Müdahil olmak istedik, mahkeme "Sincar"ı bulamıyoruz" dedi. Beni her ay4-5 sefer başkadavalara çağırırken buluyorlardı” dedi

Kızıltepe"de iki dönem belediye başkanlığı yapan Cihan Sincar, eşini öldüren Hizbullahçıların tahliye edilmesi karşısında duygularını Milliyet"e anlattı.

Hizbullah davasında tutuklu bulunan 10 sanığın tahliye edilmesi kamuoyu vicdanını derinden sarstı. Herkes şaşkındı. Örgütün kurbanları arasında kamuoyunda adı en çok geçen iki isim vardı: Yazar Konca Kuriş ile eski DEP milletvekili Mehmet Sincar.

Kuriş"in ailesi konuşmayı kesin bir dille reddetti. Sincar"ın iki dönem boyunca Mardin Kızıltepe Belediye Başkanlığı yapan eşi Cihan Sincar ise kabul etti.

Almanya"da yaşayan oğullarının yanından önceki gece gelmişti Cihan Sincar. Sarsılmıştı, kırılmıştı. Temel duygusu ise güvensizlikti. Can güvenliği olmadığını biliyordu, adalete ve devlete güveni de yerle bir olmuştu. Onunla Kızıltepe"deki evinde, eşi Mehmet Sincar"ın üzerinde “Kalbimizdesin” yazan fotoğrafının asılı olduğu salonunda konuştuk.

Eşinizi öldürenler tahliye edildi. Ruh haliniz nasıl?

Dünyam altüst oldu. Acılarım tazelendi. Başımıza neler geldi ve sonuca bak. Dünden beri kabuslarla uyanıyorum.

Acaba, tekrar o günlere gidecek miyiz, yine bir yakınımızı kaybedebilir miyiz? Benim eşim milletvekiliydi ve sokak ortasında öldürüldü. Bugüne kadar aydınlanmadı, hep üstü örtüldü. Hangi kapıyı çaldıysak yüzümüze kapandı.

Yüzünüze kapanan bu kapılarla nasıl baş ettiniz?

Kendimizi teselli ederek. İnşallah bir gün o vahşeti yapanlar, artık, birey midir, kurum mudur, bu ülkede cezasını bulacak diye. Diyorlar ki, “kardeşliği, demokrasiyi getireceğiz”; sonra bir bakıyorsun böyle icraatlar yapmışlar.

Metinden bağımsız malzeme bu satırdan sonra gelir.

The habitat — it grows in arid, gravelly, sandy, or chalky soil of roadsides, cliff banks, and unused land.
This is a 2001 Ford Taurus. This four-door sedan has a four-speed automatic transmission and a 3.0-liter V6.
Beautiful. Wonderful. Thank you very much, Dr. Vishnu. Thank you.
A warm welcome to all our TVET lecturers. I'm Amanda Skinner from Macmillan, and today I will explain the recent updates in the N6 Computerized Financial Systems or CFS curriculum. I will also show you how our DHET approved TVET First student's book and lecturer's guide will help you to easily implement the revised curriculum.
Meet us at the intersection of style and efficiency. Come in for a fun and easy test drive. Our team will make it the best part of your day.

İnandırıcı gelmiyor artık.

Televizyonda halaylı karşılama görüntülerini gördüğünüzde ne hissettiniz?

Zar zor seyrettim. Yaralarımızı deşti yeniden. Birçok insana cesaret veriyor bu görüntüler, ne yaparsam yapayım yarın nasıl olsa çıkarım diye düşünecekler. Adaleti uzattıkça uzattılar. Demek ki niyetleri bunları dışarı çıkarmaktı.

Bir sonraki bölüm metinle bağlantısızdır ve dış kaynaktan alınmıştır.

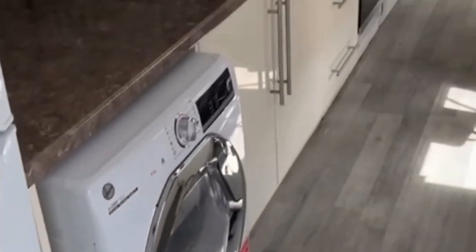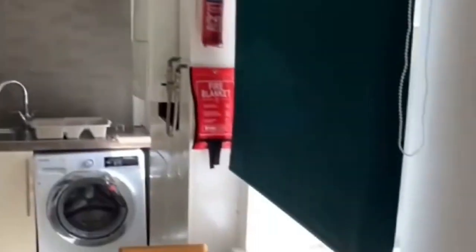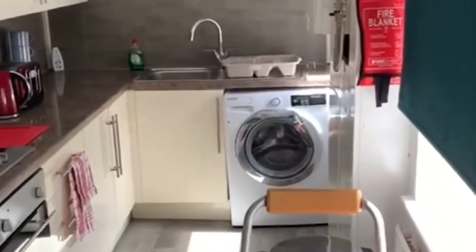Into the kitchen now of this four-bed HMO conversion on Rycliffe Road in Burnley. We see the big fridge freezer, there's a washer, a small table that pulls out — all this provided by the property investor landlord.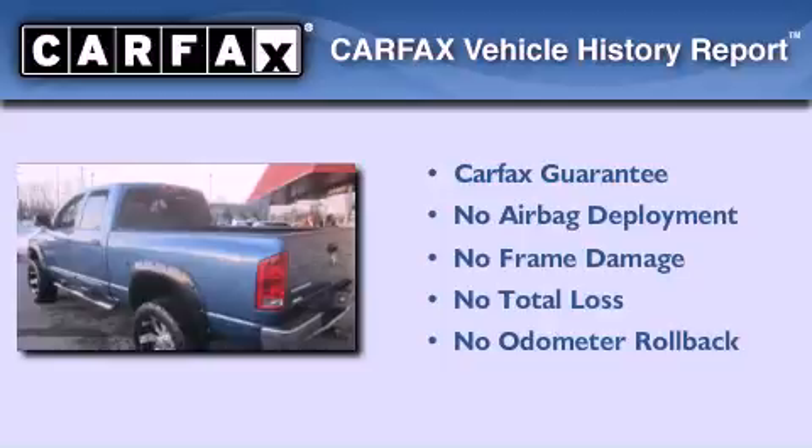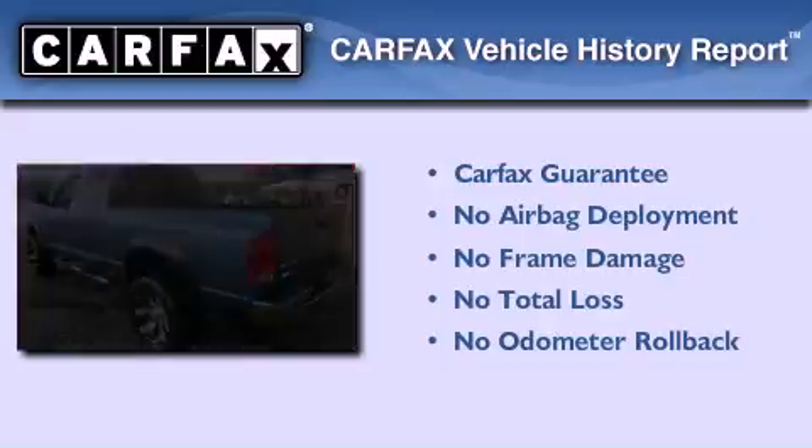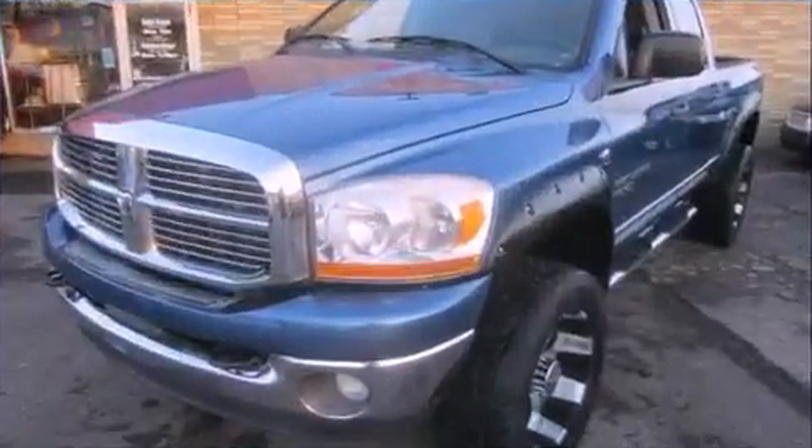Not to mention that this Dodge qualifies for the Carfax buyback guarantee. Contact us today to arrange your test drive.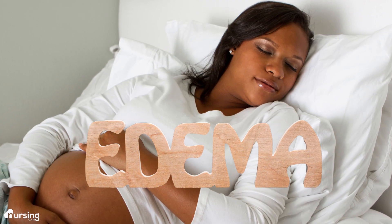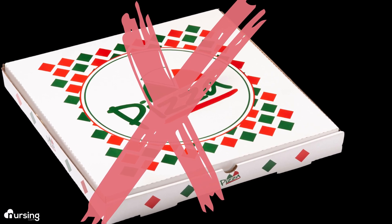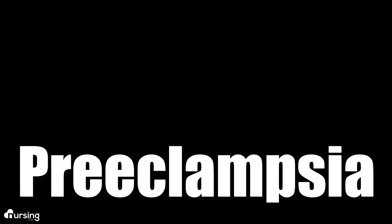Does your pregnant patient have a full-term appearance but it's really not time for delivery? There could be more to it than meets the eye. We're talking about preeclampsia, which is classified after 20 weeks gestation.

Benim eşim Kürt olduğu için öldürüldü. Kimseye zararı olmayan, dürüst bir adamdı. O kanın durması için Batman"a gitti, orada kendi kanı döküldü. 18. yıla girdi; her yıl önümüze birini çıkarıyorlar. Yok Ahmet öldürmüş, yok

Mehmet öldürmüş.

Hiç huzur bulmadınız.

İnsan böyle bir durumda huzur bulur mu?

Katiller cezalarını çekse huzur bulur musunuz?

Hayır, yine huzur yok. Geride kalan aileler yarı sağ yarı ölü yaşıyor bu kayıpların ardından.

Bu tahliyeler öncesinde sizi arayan devlet görevlisi oldu mu?

Hayır. Keşke bunları bırakmadan önce bizim gibi birkaç ailenin fikrini sorsalardı. Bırakın aramayı, mahkeme devam ederken avukatımız kaç kere müdahil olmak için başvurdu, kabul etmediler. Sonra da demişler ki, “Cihan Sincar"ı bir yıldır bulamıyoruz”.

Bunu söylediklerinde ben Kızıldere Belediye Başkanı"ydım. Ama, beni her ay 4-5 sefer mahkemeye çağırırken buluyorlar. Eşimin mezarına gidiyorum, “Niye gittin” diye ifade veriyorum. Polisler tutanak tutuyor çünkü. Eşimin mezarına gitmek suçsa, ben bu suçu yaşadığım sürece işleyeceğim.

Çocuklarınız neden Almanya"da yaşıyor?

Eşim vurulduğunda ben de çok tehdit alıyordum, çocuklar da şahit oluyordu. “Seni öldüreceğiz, çocuklarını öldüreceğiz. Neden konuşuyorsun, eşin gibi olmak mı istiyorsun?” diye telefonlar geliyordu. O sırada TBMM lojmanlarındaydık.

Milletvekili lojmanlarına mı geliyordu tehdit telefonları?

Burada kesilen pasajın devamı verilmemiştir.